As candidates are reviewed, hiring managers can move forward or decline candidates by using activity disposition codes(s) that apply to the candidate’s current stage in the hiring process.
Step 6: Interview candidates and select a final candidate
Interview candidates who appear the most qualified, using tips and guidance posted on the Interviewing webpages. Move forward or decline candidates during your review and evaluation to track and document their status in the hiring process.
Prior to making an offer, where there are two or more equally qualified candidates and a candidate is a veteran eligible for veterans’ preference, the veterans’ preference will act as a tie-breaker.
Step 7: Steps prior to the offer
Sexual misconduct declaration
Once a finalist is identified, consult with your recruiting partner, so that they can send the pre-offer required sexual misconduct declaration to the final external candidate.
Reference checks
Reference checks are required prior to extending an offer to a final candidate for all campus positions and professional staff positions in the medical centers, whether the candidate is internal or external. When the final candidate for a position is a current or former UW employee, departments must obtain a reference from the candidate’s current (or most recent) UW manager and, additionally, contact UWHR to request a review of the candidate’s official personnel record.

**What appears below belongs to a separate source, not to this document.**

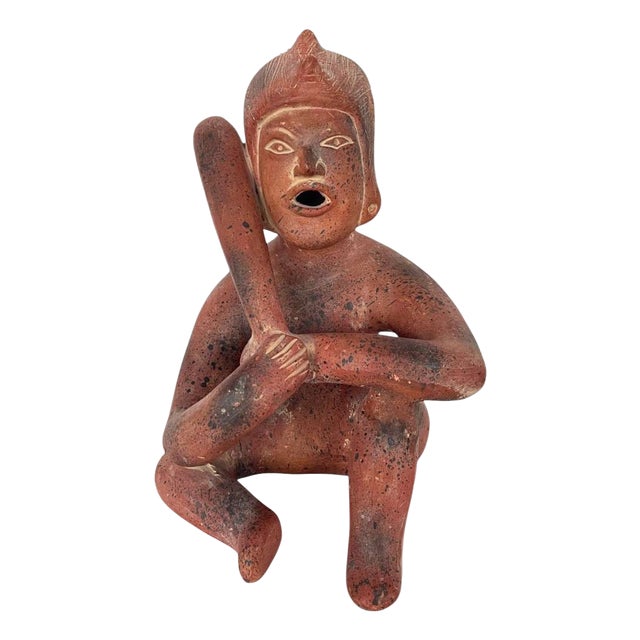 Figurative Statue, 1800s, Terracotta For Sale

Use the move forward codes to document that you have conducted a reference check on the candidate.
Propose salary offer for campus staff position
Once you have selected a qualified candidate, establish a proposed salary and obtain approval for the salary offer from both your recruiting partner and your department approvers. The initial salary offered to the final candidate must be within the range disclosed in the job posting. For classified staff, your recruiting partner will verify that the desired amount is within the hiring range and ensure that current classified staff are being offered the required salary step. Initiate Offer will trigger the request for salary review.
Propose salary offer for medical center staff position
Work with your recruiting partner to establish a proposed salary.
Step 8: Make the offer
Once the salary has been approved by both your recruiting partner and your department approvers, you may extend a conditional offer to the final candidate, contingent upon satisfactory completion of the criminal background check (if required). Contact your recruiting partner if salary negotiation is needed.
Step 9: Post-offer
After an offer is accepted, alert your recruiting partner that the offer has been accepted and provide the start date. Once the recruitment is completed, the hire process will kick off. You can find instructions on the Workday hire process in the Hire Staff Campus user guide.
Campus departments
The recruiting partner will initiate the criminal conviction history background check, if needed. See the Criminal Background Check webpage for details.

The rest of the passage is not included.